Requirement –
Repeat the data that follows, word for word, without the images.

Collected material –
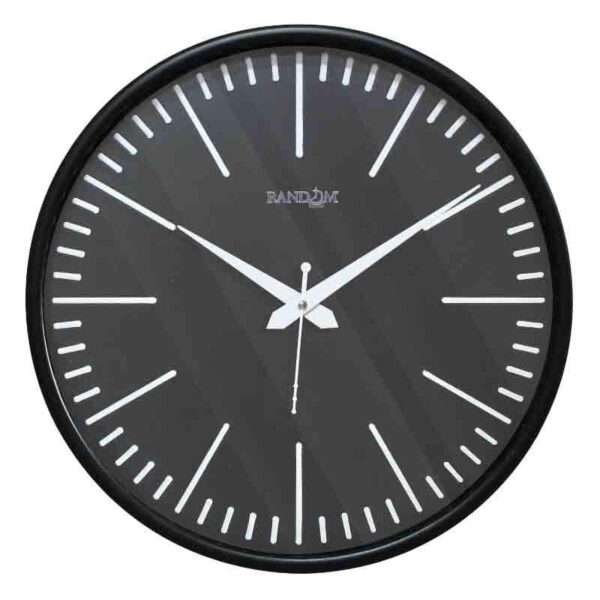 wall clock mystery embossed wall clock 2.jpg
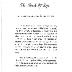 Roselawn Synagogue - Book of Life and Memorial Service / Yizkor Book 1998 – 1999.
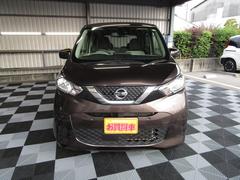 �¿��α�͢��ǧ����������ǹ�Ȼ�ʤ���ä����祹���åդ�������������»ܸ塢��Ǽ�֤������ޤ���������󥢥ե����ʽ������ָ�����������ˤ�¿����Ƥ�Ǥ�������������������ݣ������ݣ��������� 2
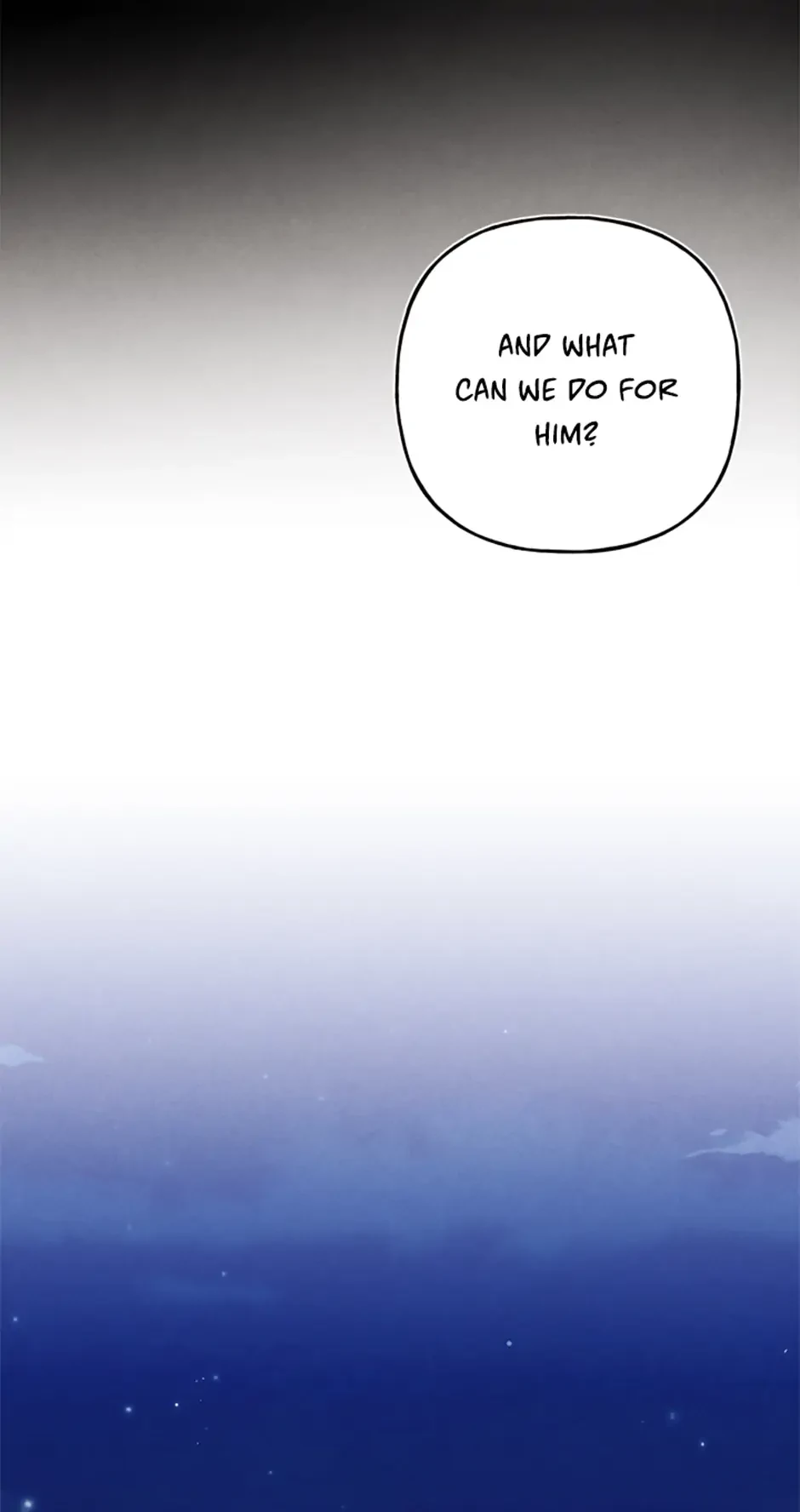 Masters of Lightning Knives Chapter 133 - 90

Solution for this problem –
 wall clock mystery embossed wall clock 2.jpg
 Roselawn Synagogue - Book of Life and Memorial Service / Yizkor Book 1998 – 1999.
 �¿��α�͢��ǧ����������ǹ�Ȼ�ʤ���ä����祹���åդ�������������»ܸ塢��Ǽ�֤������ޤ���������󥢥ե����ʽ������ָ�����������ˤ�¿����Ƥ�Ǥ�������������������ݣ������ݣ��������� 2
 Masters of Lightning Knives Chapter 133 - 90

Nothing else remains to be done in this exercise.